Mr. Williams had detailed the plan in a series of confidential memos which the column had obtained. He calculated that of the 64 Senators in the bloc, three Southerners and seven Republicans would refuse to join, still leaving a 54-seat majority for the alliance. In the House, it would lose 21 Republicans and 12 Southern Democrats, giving the coalition a 240 to 195-vote margin. It would allow, through realignment, the creation of a new party without anyone needing to change party labels and consequently losing support and seniority.

He had formed an organization called the Citizens Political Committee to carry through with the plan and named former Senator Albert Hawkes of New Jersey as the primary money raiser.

Senator Mundt had responded to his letters by saying that he believed there were too many practical barriers to arranging the plan in Congress but that it could be carried out in the electoral college.

They note that Mr. Williams believed the U.S. was a nation of "mongrels", with most of the "alien" elements concentrated in the urban North, and that his realignment would rest on unification of "white, English-speaking stocks" to elect a "conservative President", whom Mr. Williams envisioned to be either Senator Bricker, the vice-presidential nominee with Governor Dewey in 1944, or Senator Byrd.

If the plan sounds all too familiar, it is because it was tried in 1960 without success, in 1968, with success, settling for "the new" Richard Nixon, in 1980, in 2000, and again in 2016—never stopping to realize that an attempt to bring back "the good old days" of the antebellum South, their true desire, would neither be the least bit possible in modern times nor desirable for anyone.

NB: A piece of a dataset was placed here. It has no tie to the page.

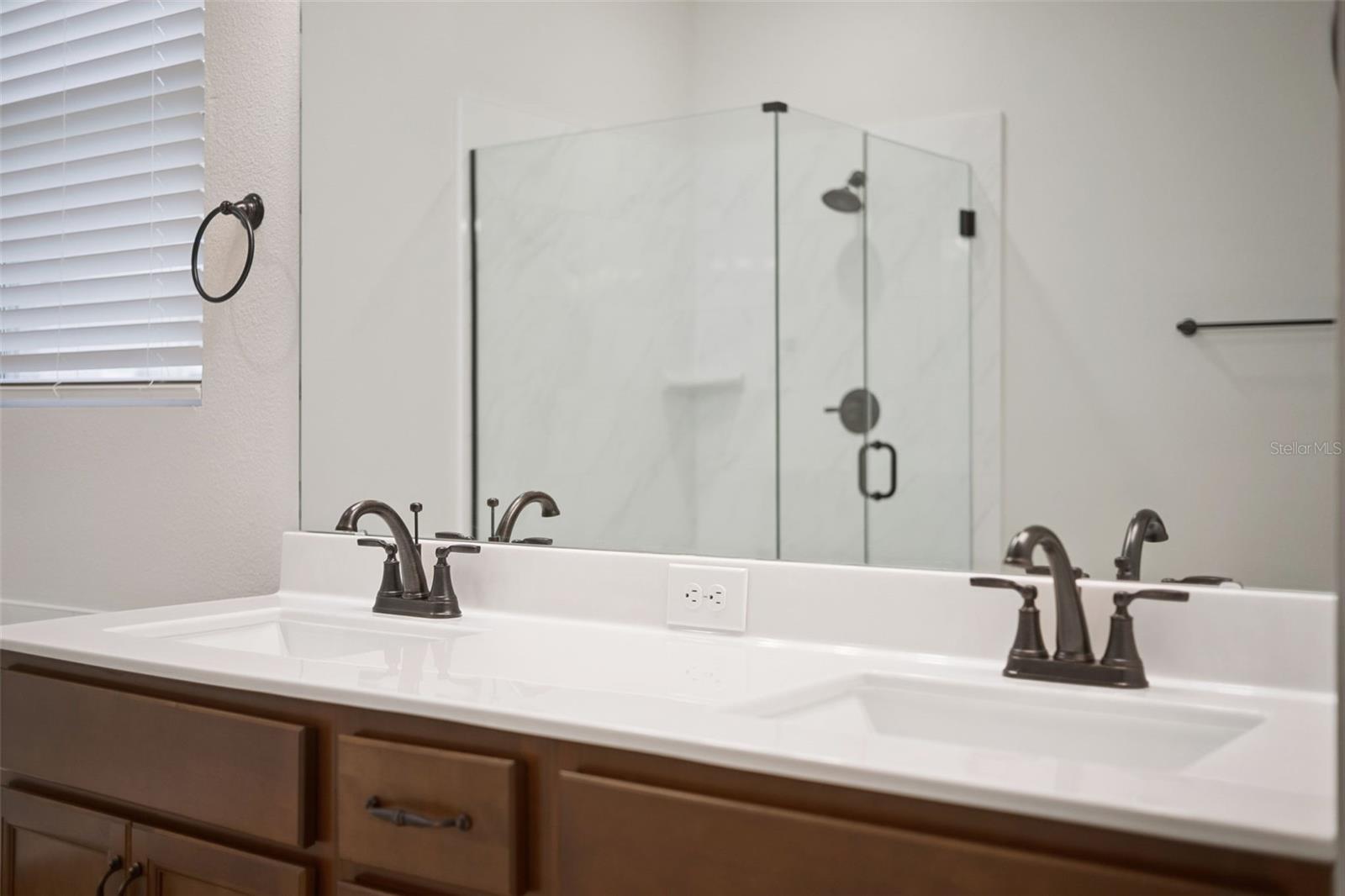 SPRING CREEK - Residential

Joseph Alsop, in Korea, completes the report which he had begun two days earlier on the offensive toward Chinju, taking place August 6-9. He describes in great detail the further action, which by August 9 saw the 5th Regimental Combat Team voluntarily stop short of its goal by half the distance, to the consternation of headquarters. The First Marine Brigade, however, had the way open to proceed down a track among the sea cliffs, as General Kean, the leader of the offensive, hurried to the front to take personal command of the continuing drive of the 5th RCT. Most of the day's gains, by both the 5th and 35th RCT's, were made against only light resistance, as the latter pushed down the upper road to meet the 5th.

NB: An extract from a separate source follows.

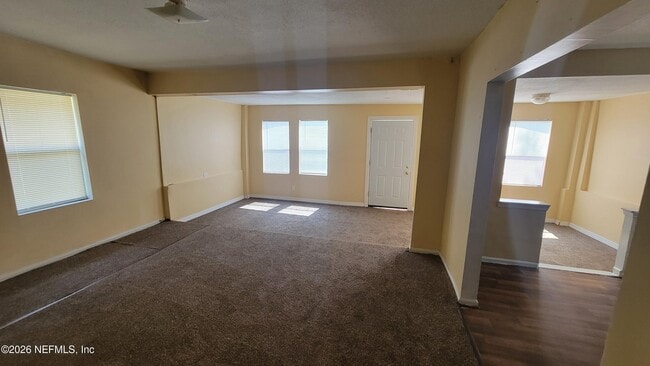 Building Photo - 2810 Venus St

By afternoon, the Marines, led by three heavy tanks, had begun their move. "As the first tank rounded a shoulder of the curving sea cliff and was silhouetted against the blue bay beyond, the late, deep-golden sun struck all the long, quickly marching files of men wending along the mountain track for a full mile behind."

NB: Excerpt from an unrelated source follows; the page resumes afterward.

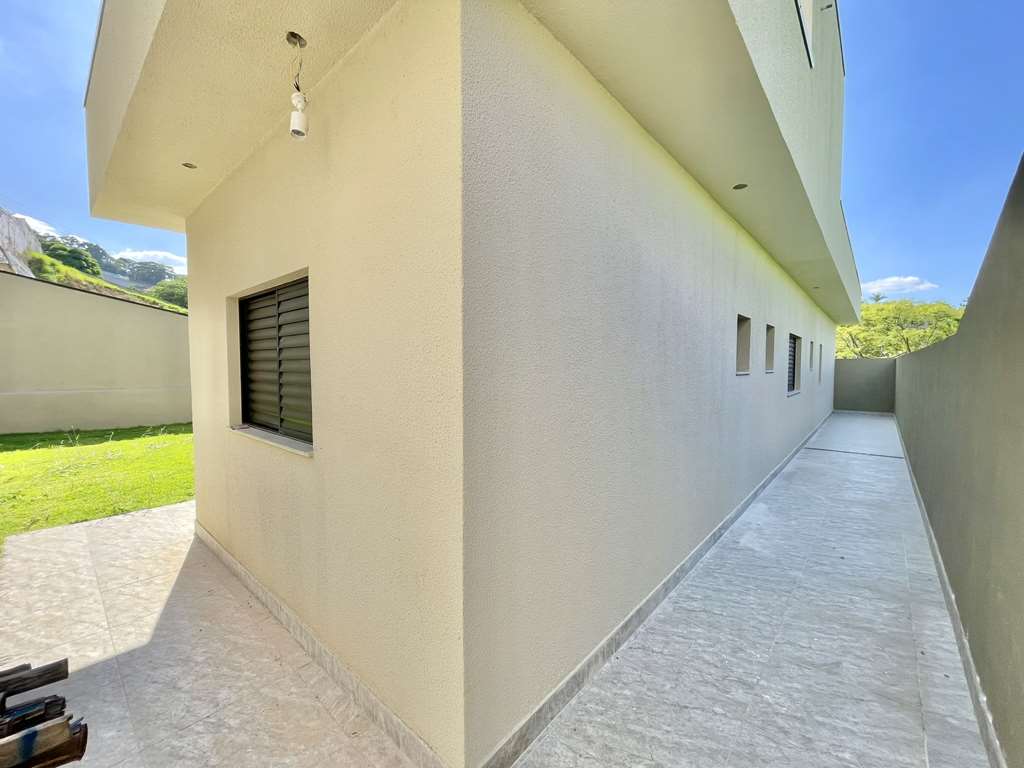 Casa à venda com 3 quartos, 550m² - Foto 33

Marquis Childs discusses the bad effect on Western Europe psychologically of the Senate passage of approval of the 100 million dollar loan to Spain's Francisco Franco in exchange for an American base behind the Pyrenees. Such a proposed exchange with a Fascist dictator, despised throughout Europe, had harmed morale, a key component to Western solidarity against the Communists, and provided the Communists with a source of propaganda.

To many in Western Europe, it suggested that the Americans would allow the Communists to occupy Western Europe before taking action from the Pyrenees base, much as the Nazis had occupied all of Europe before the Normandy invasion.

Certainly the loan, if approved by the House and the President, would strengthen Franco. And if it reduced Western Europe to neutrality status vis-à-vis the U.S. and Russia, it would not be a very efficient use of the military aid which the U.S. planned to provide the Western European nations.